Björkholm M, Holm G, Mellstedt H, Johansson B, Killander D, Sunblad R, Söderberg G
Scand J Haematol. 1978 Apr;20(4):306-18.
Purified blood lymphocytes from 81 consecutive and previously untreated patients with Hodgkin's disease were studied in vitro. The patients were evaluated 23 to 52 months after institution of therapy and were divided into two prognostic groups: 1. Complete remission with or without previous relapse/relapses. 2. Uncontrolled relapse or decreased from Hodgkin's disease. Lymphocyte activation by concanavalin A, pokeweed mitogen or phytohaemagglutinin was impaired and spontaneous DNA synthesis was high in patients with poor prognosis as compared to the good prognosis group. The prognostic information increased if the four lymphocyte tests were combined in a score (range 0-8). All 8 patients with pronounced lymphocyte defects (score 7-8), died, while all patients with score 0 and 1 were in complete remission. In contrast, total lymphocyte and T-lymphocyte counts and lymphocyte stimulation by PPD were of no prognostic value. The ability of certain lymphocyte functions to predict prognosis was equal or better than that of age and better than clinical staging, histopathology and symptoms.

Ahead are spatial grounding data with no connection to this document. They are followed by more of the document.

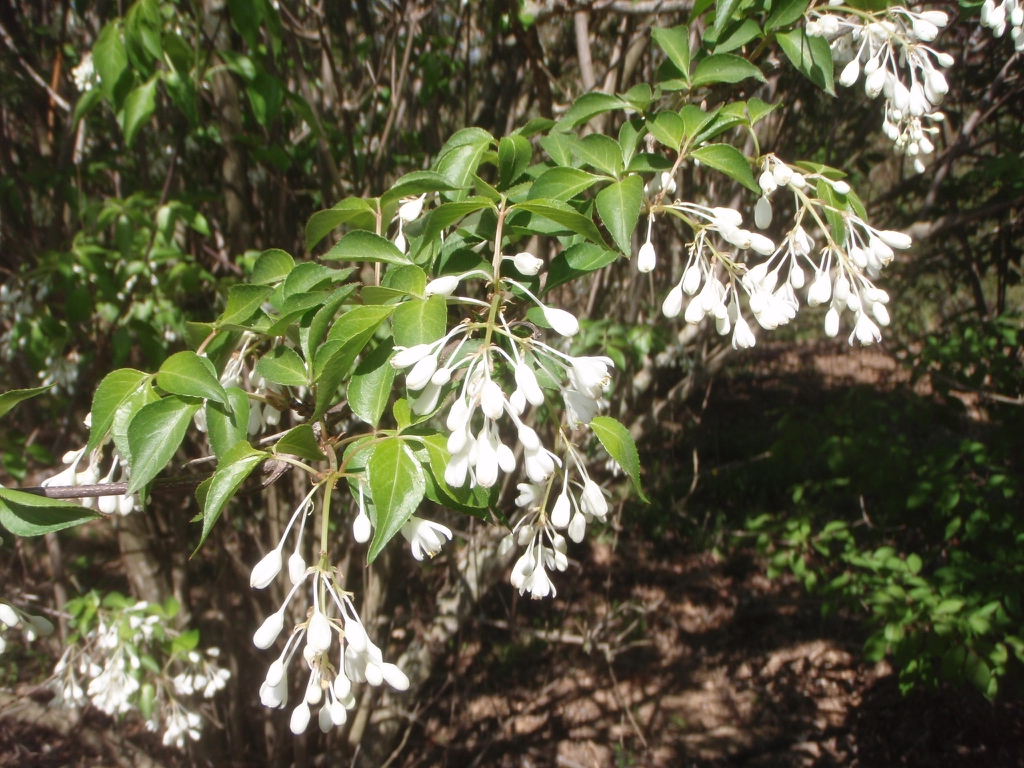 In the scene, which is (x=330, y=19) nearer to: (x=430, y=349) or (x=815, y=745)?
(x=430, y=349)

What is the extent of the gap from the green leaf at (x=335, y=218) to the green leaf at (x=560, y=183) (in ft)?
0.97

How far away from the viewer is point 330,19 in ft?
10.0

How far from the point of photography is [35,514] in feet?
3.19

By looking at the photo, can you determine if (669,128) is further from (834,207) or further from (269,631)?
(269,631)

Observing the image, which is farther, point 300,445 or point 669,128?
point 669,128

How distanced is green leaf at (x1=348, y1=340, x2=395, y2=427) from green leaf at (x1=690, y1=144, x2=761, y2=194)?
54cm

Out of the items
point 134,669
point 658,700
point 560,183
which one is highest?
point 560,183

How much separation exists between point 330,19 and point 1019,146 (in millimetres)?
3548

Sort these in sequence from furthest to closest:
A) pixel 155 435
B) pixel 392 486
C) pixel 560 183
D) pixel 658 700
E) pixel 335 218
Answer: pixel 658 700 < pixel 335 218 < pixel 560 183 < pixel 155 435 < pixel 392 486

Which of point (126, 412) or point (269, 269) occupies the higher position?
point (269, 269)

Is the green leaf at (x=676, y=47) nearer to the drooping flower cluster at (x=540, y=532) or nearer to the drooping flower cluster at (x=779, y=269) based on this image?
the drooping flower cluster at (x=779, y=269)

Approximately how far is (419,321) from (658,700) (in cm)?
391

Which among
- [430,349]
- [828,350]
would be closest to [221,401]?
[430,349]

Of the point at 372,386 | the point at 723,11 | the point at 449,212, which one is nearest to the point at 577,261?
the point at 449,212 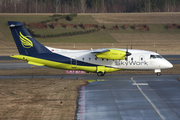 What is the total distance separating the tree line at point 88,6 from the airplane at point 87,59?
8811 cm

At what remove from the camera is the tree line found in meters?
121

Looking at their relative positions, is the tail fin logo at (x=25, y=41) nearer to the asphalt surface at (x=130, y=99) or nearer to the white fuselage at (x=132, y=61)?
the white fuselage at (x=132, y=61)

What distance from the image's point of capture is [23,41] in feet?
106

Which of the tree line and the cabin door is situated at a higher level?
the tree line

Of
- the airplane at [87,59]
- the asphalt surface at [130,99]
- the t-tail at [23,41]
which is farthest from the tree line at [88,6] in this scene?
the asphalt surface at [130,99]

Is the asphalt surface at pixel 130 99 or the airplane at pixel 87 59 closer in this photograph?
the asphalt surface at pixel 130 99

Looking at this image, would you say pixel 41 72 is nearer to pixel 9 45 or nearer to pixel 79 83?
pixel 79 83

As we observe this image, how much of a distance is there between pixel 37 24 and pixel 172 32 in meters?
45.3

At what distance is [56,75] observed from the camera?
35.3m

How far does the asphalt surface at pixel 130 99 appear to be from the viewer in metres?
17.2

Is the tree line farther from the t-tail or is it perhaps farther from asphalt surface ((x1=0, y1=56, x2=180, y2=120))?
asphalt surface ((x1=0, y1=56, x2=180, y2=120))

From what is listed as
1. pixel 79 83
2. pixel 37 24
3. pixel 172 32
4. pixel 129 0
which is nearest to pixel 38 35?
pixel 37 24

对81例连续的、先前未经治疗的霍奇金病患者的纯化血液淋巴细胞进行了体外研究。这些患者在开始治疗23至52个月后接受评估,并被分为两个预后组:1. 完全缓解,无论有无先前复发。2. 未控制的复发或霍奇金病病情进展。与预后良好组相比,预后不良的患者经刀豆球蛋白A、商陆有丝分裂原或植物血凝素刺激的淋巴细胞活化受损,自发DNA合成水平较高。如果将四项淋巴细胞检测结果合并为一个评分(范围为0至8),则预后信息会增加。所有8例淋巴细胞缺陷明显(评分7至8)的患者均死亡,而所有评分为0和1的患者均处于完全缓解状态。相比之下,淋巴细胞总数、T淋巴细胞计数以及PPD刺激的淋巴细胞反应均无预后价值。某些淋巴细胞功能预测预后的能力与年龄相当或更好,且优于临床分期、组织病理学和症状。